A 2021 WALL CALENDAR showcasing the work of jazz age modernist Archibald Motley (1891-1981) serves as a reminder that Black institutions were the first to collect the work of African American artists in a meaningful way.

“Barbeque” (1934) appears on the cover of the calendar. One of Motley’s famous genre scenes, the painting belongs to Howard University Gallery of Art. Works from the collections of the Schomburg Center for Research in Black Culture in Harlem, Chicago’s South Side Community Art Center, and Hampton University Museum are also represented.

 


Cover Image: ARCHIBALD MOTLEY, “Barbeque,” circa 1934 (oil on canvas, 39 x 44 inches / 99.1 x 111.76 cm). | © Valerie Gerrard Browne, Collection of the Howard University Gallery of Art, Washington, D.C.

 

Motley is recognized for his depictions of cultural life in Black Chicago and Paris. Dating from 1926 to 1941, a dozen paintings made between the first and second world wars illustrate the calendar.

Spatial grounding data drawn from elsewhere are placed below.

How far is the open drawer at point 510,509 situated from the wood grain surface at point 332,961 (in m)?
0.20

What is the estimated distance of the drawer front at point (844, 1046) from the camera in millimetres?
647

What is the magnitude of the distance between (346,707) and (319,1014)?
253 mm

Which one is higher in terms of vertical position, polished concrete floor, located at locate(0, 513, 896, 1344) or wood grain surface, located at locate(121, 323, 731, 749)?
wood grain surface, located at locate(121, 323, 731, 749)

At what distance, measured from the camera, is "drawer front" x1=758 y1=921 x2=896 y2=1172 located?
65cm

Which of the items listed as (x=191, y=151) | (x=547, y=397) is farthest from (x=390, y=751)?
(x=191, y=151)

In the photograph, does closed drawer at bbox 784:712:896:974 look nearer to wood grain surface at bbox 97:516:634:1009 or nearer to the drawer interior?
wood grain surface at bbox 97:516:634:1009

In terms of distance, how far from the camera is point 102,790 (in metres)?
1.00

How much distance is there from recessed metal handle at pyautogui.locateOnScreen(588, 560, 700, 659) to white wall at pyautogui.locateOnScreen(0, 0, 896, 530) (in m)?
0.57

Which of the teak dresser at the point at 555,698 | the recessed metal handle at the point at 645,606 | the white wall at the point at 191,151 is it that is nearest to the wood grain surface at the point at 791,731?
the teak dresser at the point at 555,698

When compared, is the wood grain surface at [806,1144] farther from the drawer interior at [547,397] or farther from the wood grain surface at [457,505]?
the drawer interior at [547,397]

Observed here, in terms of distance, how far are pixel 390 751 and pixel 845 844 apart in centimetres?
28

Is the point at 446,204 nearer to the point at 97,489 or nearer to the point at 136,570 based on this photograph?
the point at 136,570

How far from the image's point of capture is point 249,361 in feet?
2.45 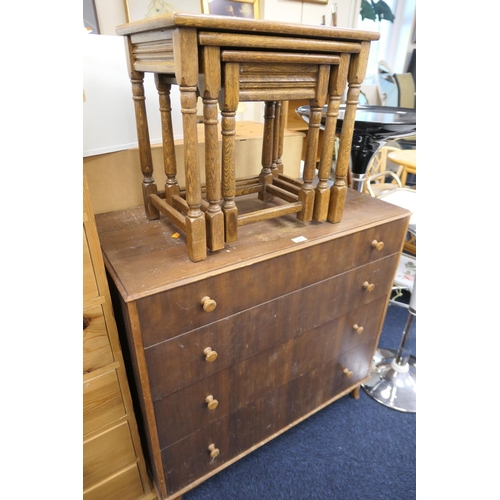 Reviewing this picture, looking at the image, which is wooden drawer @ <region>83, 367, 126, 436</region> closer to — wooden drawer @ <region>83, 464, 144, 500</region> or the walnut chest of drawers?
the walnut chest of drawers

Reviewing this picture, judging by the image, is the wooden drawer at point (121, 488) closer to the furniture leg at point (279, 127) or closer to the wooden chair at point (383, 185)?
the furniture leg at point (279, 127)

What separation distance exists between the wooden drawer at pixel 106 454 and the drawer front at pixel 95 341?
0.23 meters

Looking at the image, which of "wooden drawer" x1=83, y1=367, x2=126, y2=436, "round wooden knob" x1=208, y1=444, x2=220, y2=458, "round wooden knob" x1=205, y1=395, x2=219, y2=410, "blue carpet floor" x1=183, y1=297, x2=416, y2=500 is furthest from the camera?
"blue carpet floor" x1=183, y1=297, x2=416, y2=500

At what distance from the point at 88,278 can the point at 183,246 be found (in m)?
0.25

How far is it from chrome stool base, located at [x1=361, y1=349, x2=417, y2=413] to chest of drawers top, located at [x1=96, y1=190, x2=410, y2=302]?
0.77m

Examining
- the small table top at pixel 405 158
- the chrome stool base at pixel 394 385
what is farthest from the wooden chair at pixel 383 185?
the chrome stool base at pixel 394 385

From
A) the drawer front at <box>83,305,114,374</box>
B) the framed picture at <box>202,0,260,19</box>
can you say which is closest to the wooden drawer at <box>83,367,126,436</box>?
the drawer front at <box>83,305,114,374</box>

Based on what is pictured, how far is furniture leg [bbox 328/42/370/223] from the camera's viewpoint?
0.94 metres

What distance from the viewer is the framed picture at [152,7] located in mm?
1322

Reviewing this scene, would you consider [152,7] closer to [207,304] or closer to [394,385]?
[207,304]

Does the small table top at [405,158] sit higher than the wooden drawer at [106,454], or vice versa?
the small table top at [405,158]

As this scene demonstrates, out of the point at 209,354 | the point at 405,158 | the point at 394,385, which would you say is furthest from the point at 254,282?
the point at 405,158

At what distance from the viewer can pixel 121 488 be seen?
109 centimetres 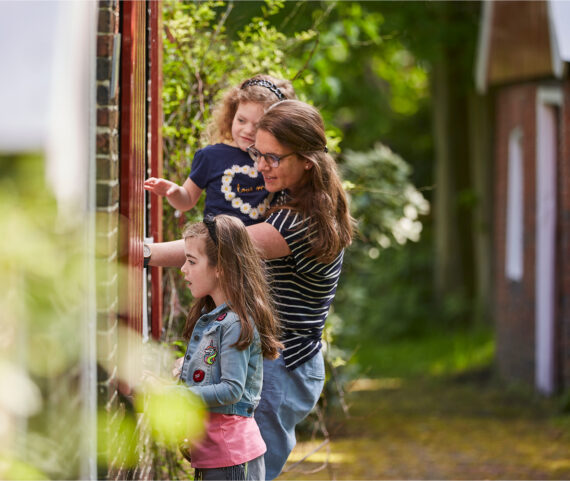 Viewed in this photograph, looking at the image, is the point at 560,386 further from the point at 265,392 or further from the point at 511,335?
the point at 265,392

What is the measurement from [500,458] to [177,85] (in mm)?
5131

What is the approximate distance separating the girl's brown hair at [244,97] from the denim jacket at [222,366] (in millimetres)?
Answer: 995

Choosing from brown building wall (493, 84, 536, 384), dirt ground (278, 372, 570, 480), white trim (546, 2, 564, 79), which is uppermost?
white trim (546, 2, 564, 79)

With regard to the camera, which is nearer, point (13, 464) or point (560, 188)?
point (13, 464)

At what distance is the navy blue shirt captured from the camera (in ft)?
11.0

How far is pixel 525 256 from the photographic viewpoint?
1184 cm

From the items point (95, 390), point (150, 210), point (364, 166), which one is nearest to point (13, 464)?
point (95, 390)

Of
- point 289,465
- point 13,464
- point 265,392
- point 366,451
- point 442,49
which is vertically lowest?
point 366,451

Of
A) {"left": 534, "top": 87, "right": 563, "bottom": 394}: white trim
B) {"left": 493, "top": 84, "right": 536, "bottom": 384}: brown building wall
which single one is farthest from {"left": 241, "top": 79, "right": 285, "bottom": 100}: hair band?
{"left": 493, "top": 84, "right": 536, "bottom": 384}: brown building wall

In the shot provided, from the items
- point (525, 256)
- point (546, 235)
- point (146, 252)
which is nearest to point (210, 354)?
point (146, 252)

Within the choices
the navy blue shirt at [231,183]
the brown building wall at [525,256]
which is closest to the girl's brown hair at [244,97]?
the navy blue shirt at [231,183]

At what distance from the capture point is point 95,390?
266 cm

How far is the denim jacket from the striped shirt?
0.29 meters

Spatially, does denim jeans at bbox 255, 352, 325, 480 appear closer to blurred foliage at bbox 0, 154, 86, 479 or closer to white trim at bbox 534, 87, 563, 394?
blurred foliage at bbox 0, 154, 86, 479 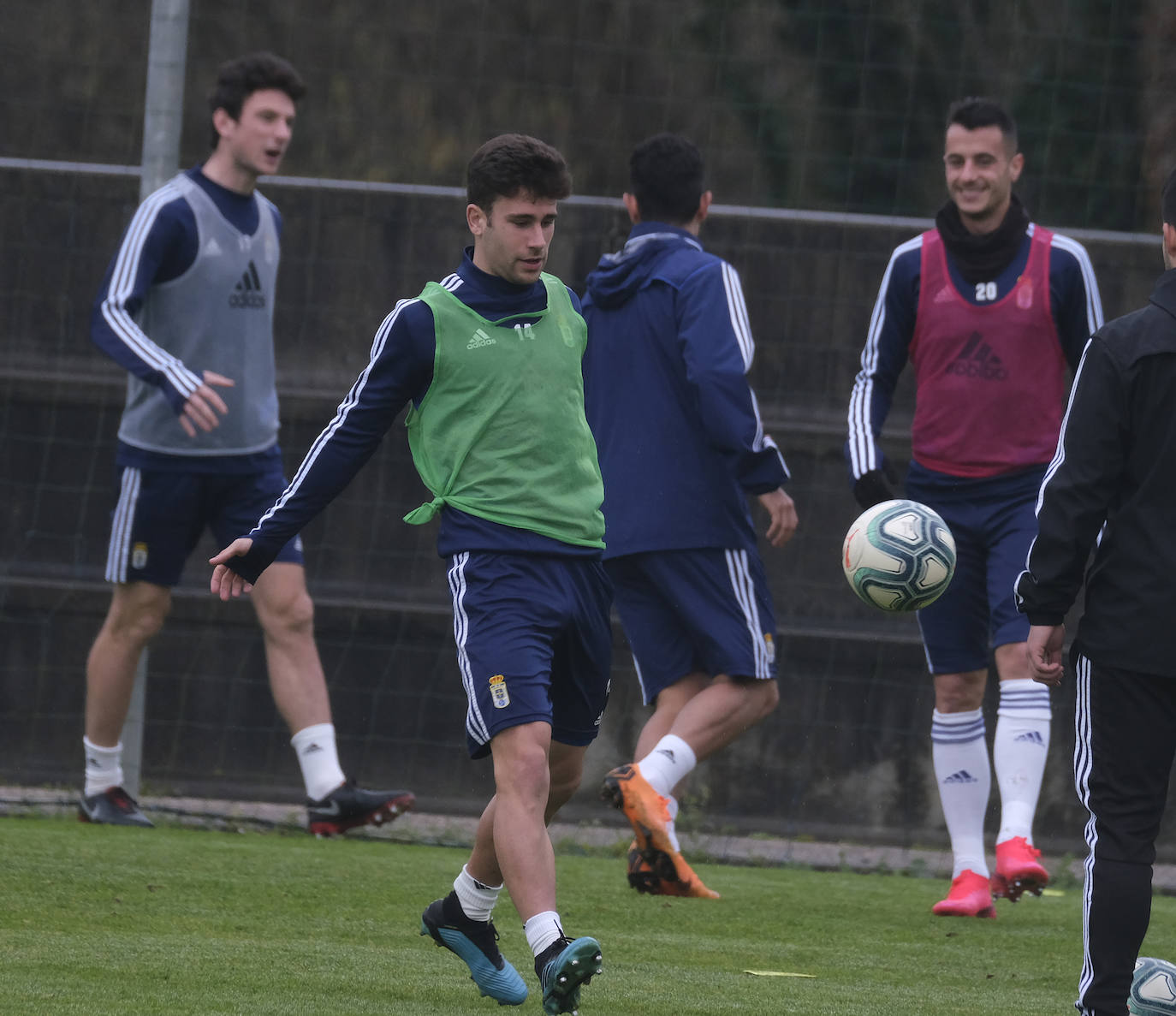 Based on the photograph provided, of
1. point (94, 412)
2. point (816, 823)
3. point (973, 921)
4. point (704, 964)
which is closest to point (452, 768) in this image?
point (816, 823)

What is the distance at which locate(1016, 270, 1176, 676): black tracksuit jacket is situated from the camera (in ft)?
12.8

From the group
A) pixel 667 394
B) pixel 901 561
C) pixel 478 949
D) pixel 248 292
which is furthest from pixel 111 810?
pixel 901 561

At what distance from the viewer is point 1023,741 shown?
19.9ft

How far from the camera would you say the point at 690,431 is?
645cm

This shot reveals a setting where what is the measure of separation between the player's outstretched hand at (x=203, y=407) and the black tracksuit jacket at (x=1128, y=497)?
3041mm

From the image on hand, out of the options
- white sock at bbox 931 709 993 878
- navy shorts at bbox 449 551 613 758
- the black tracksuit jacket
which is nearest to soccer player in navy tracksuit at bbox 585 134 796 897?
white sock at bbox 931 709 993 878

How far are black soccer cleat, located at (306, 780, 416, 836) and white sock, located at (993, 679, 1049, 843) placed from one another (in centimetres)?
205

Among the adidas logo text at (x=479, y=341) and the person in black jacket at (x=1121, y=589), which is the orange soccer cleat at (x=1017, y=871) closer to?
the person in black jacket at (x=1121, y=589)

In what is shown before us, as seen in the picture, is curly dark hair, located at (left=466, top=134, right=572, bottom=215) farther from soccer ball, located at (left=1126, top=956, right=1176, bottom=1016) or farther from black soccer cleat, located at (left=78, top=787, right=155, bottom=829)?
black soccer cleat, located at (left=78, top=787, right=155, bottom=829)

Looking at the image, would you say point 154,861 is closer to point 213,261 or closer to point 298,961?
point 298,961

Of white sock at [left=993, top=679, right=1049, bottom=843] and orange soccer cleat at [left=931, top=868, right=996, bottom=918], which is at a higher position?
white sock at [left=993, top=679, right=1049, bottom=843]

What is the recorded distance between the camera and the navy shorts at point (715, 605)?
6.31 meters

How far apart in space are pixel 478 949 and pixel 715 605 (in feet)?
6.99

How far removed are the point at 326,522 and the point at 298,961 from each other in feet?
12.5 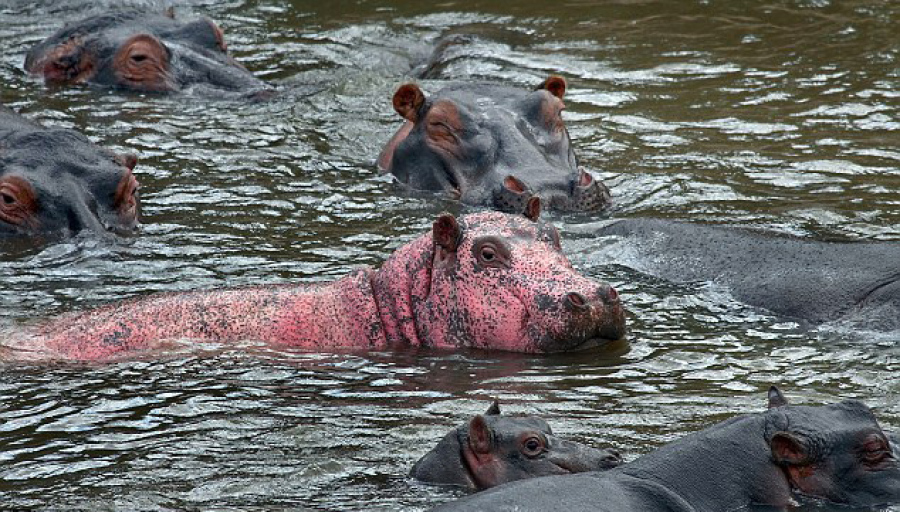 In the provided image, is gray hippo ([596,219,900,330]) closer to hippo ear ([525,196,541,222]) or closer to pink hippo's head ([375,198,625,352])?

The Motley calendar is a new entrant in the annual line up of African American art calendars that has gained momentum in the past couple of years. The increased number of offerings parallels broadening interest in African American art among museums, collectors, scholars, critics, and curators.

The Archibald Motley calendar is a new entrant in the annual line up of African American art calendars that has gained momentum in the past couple of years. The increased number of offerings parallels broadening interest in African American art among museums, collectors, scholars, critics, and curators.

Calendars celebrating Ernie Barnes, Jean-Michel Basquiat, Romare Bearden, and Charles White are being reprised for 2021 with new examples of their work. The Smithsonian’s National Museum of African American History and Culture has also published another art calendar.

In addition, 2021 brings calendars documenting African American art in the collection of the Detroit Institute of Arts and the “Harlem Renaissance and Beyond” among the holdings at the Metropolitan Museum of Art in New York. Works by Benny Andrews and Bearden, respectively, cover these calendars.

Meanwhile, a selection of works by African American artists is represented within major museum calendars highlighting an array of artists.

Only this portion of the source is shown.